AAPI Heritage Month: Contributions to Aviation and Aeronautics

May 31, 2021

May is Asian American and Pacific Islander (AAPI) Heritage Month and Capitology Blog is highlighting the various contributions made by AAPI individuals in the STEM fields. In our last post, we talked about AAPI contributions to technology. This post will highlight AAPI contributions to aviation and aeronautics.


Katherine Sui Fun Cheung

In 1932, Katherine Sui Fun Cheung became the first Chinese-American woman to earn her pilot’s license. At the time, only about one percent of licensed pilots were women, making Cheung’s accomplishment even more astonishing.

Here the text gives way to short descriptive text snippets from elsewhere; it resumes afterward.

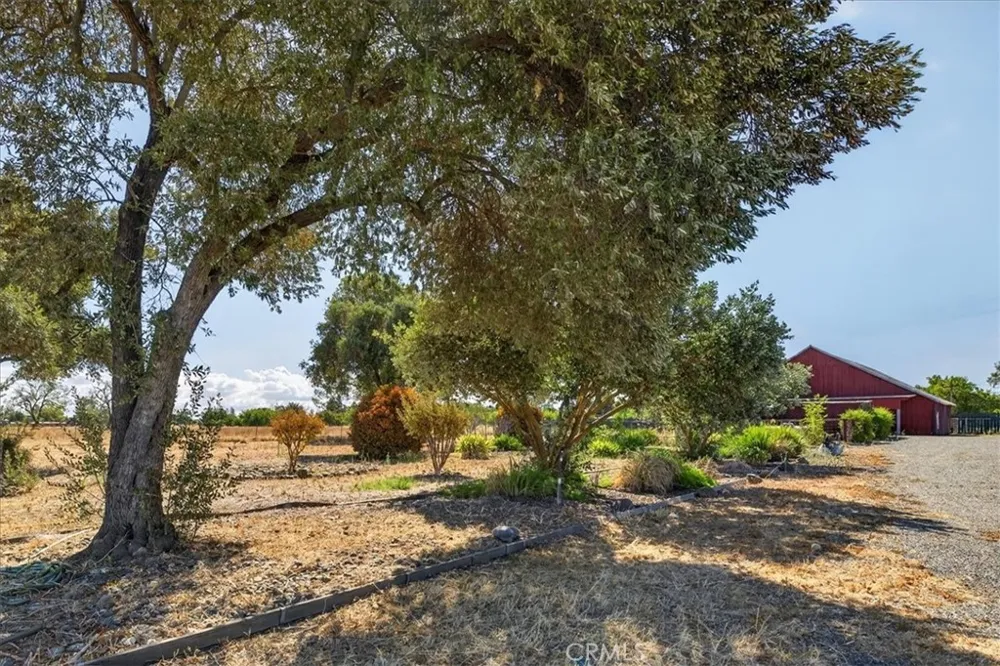 6838 County Road 18 Orland, CA 95963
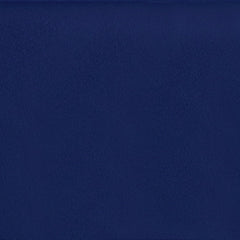 Daltile Colormatch 12" X 24" Matte Matte Blueberry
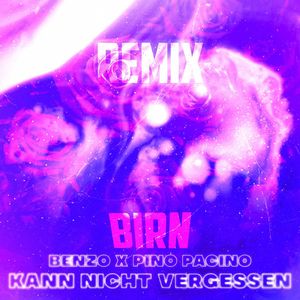 Kann nicht vergessen (Remix Birn)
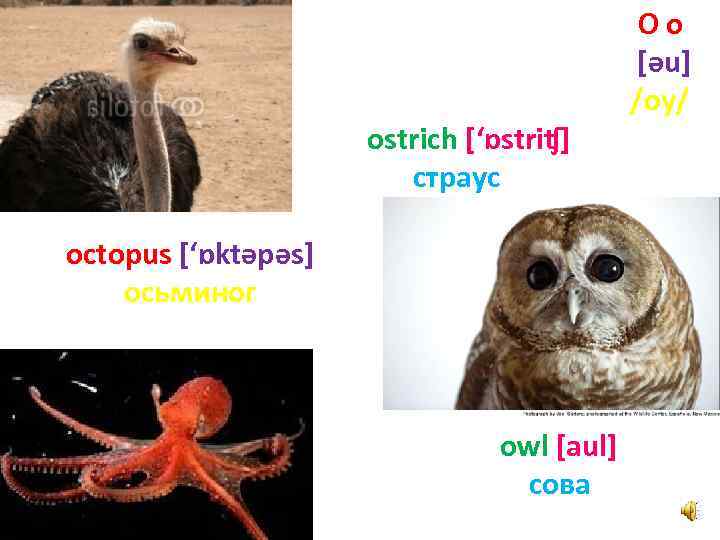 ostrich [‘ɒstriʧ] страус octopus [‘ɒktәpәs] осьминог owl [aul] сова Oo [әu] /оу/ 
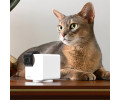 Petcube Cam 360 компактна HD-камера з двостороннім аудіозв'язком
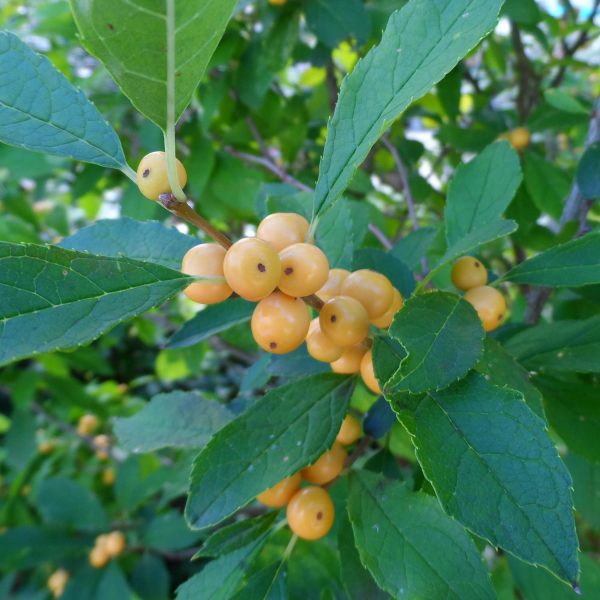 ILEX BERRY HEAVY GOLD WINTERBERRY HOLLY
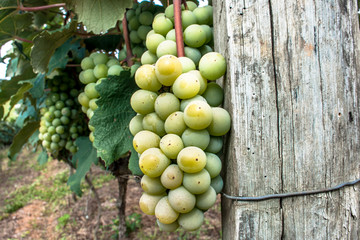White grape fruit in Brazil
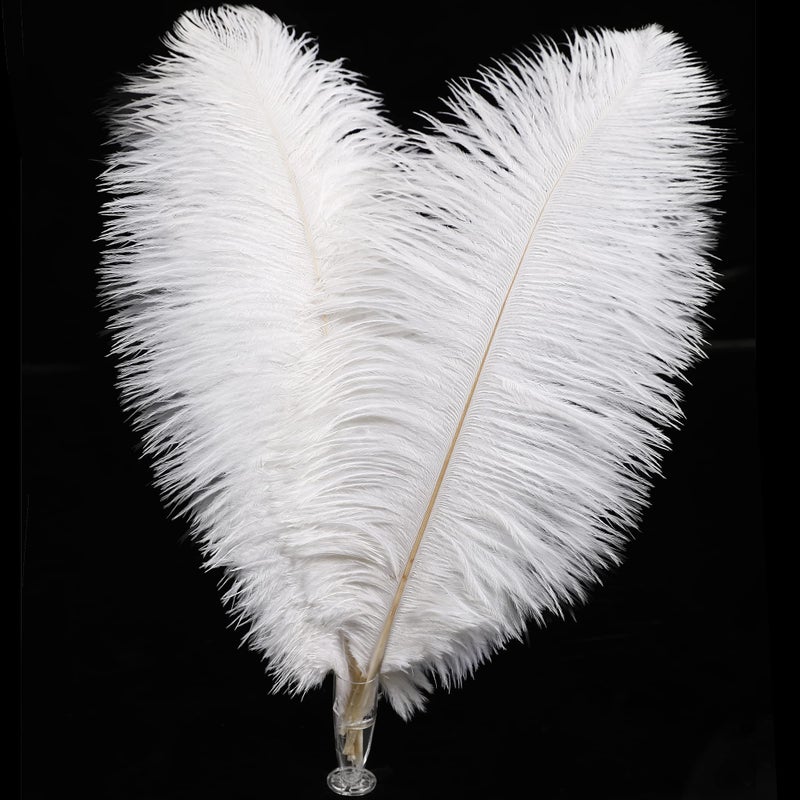 Soarer White Ostrich Feathers Bulk - 30pcs 8-10 inches for Wedding Party Centerpieces, Home Decorations and DIY Crafts (White) - Image 1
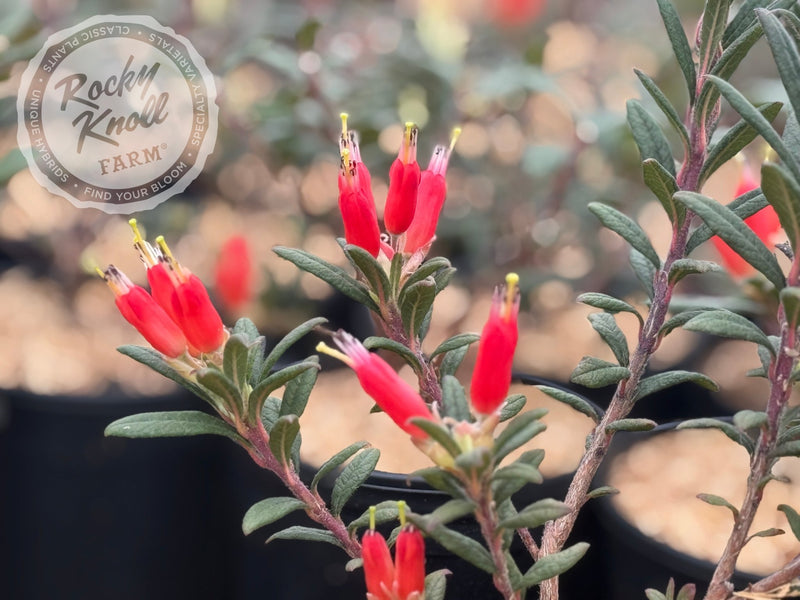 R. spinuliferum plant from Rocky Knoll Farm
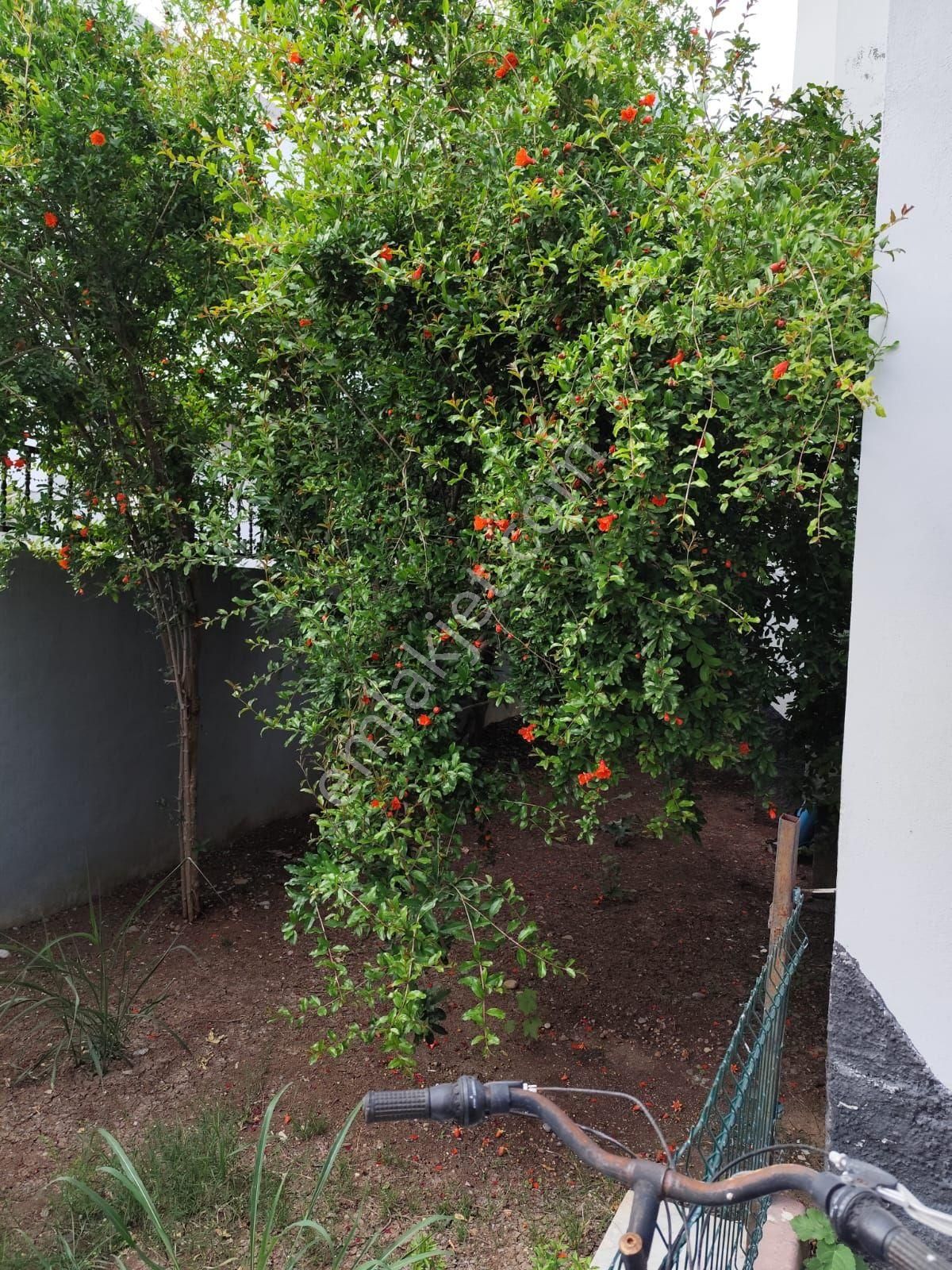 Aksel'den Akkapı Da 2katlı İmarlı İskanlı Ruhsatlı 2 Katlı Bahçeli Otoparklı Fırsat Yer - Görsel 18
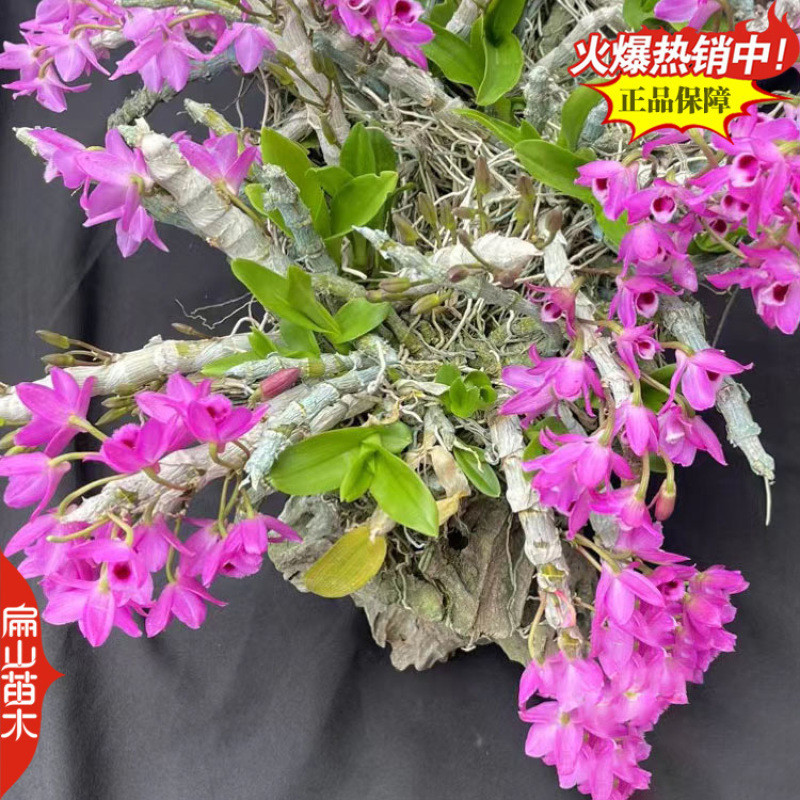 瞧鼓槌石斛种苗水草红灯笼鼓槌金果苗金耳石斛1丛
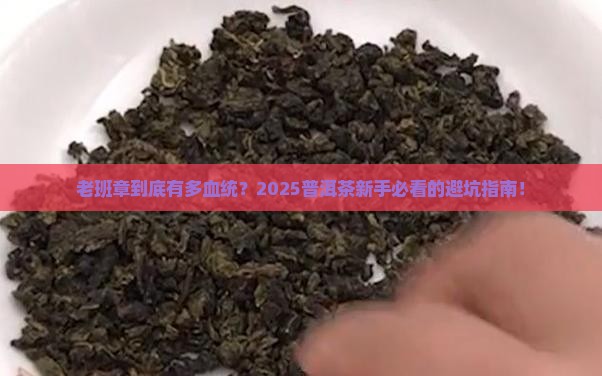 普洱茶血统老班章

Highlighted in an article for Vogue, author Lynn Yeager writes that Cheung made her first solo flight after a mere 12.5 hours of flight training. She was friends with Amelia Earhart and was known for stunt flying – loops, spiral dives, and barrel rolls.

“I wasn’t interested in being in the kitchen like women were expected to do,” Cheung purportedly explained years later, shares Yeager.

Cheung was a member of the Ninety-Nines Club, an international group of female pilots founded by Earhart, and was the first Chinese woman to obtain an international flying license.

In 2017, a documentary titled Aviatrix: The Katherine Sui Fun Cheung Story was screened at the Chinese Historical Society Museum Learning Center in San Francisco.

 

Hazel Ying Lee

Another early pioneer in flight was Hazel Ying Lee, also a Chinese-American woman who obtained her pilot’s license in 1932. Lee was the first Chinese-American woman to fly for the U.S. military. 

According to an article by the FAA, Lee originally attempted to join the Chinese Air Force in 1933, but they did not allow women pilots. After attempting again in 1937 and again being denied entry, Lee returned to the United States in 1938. 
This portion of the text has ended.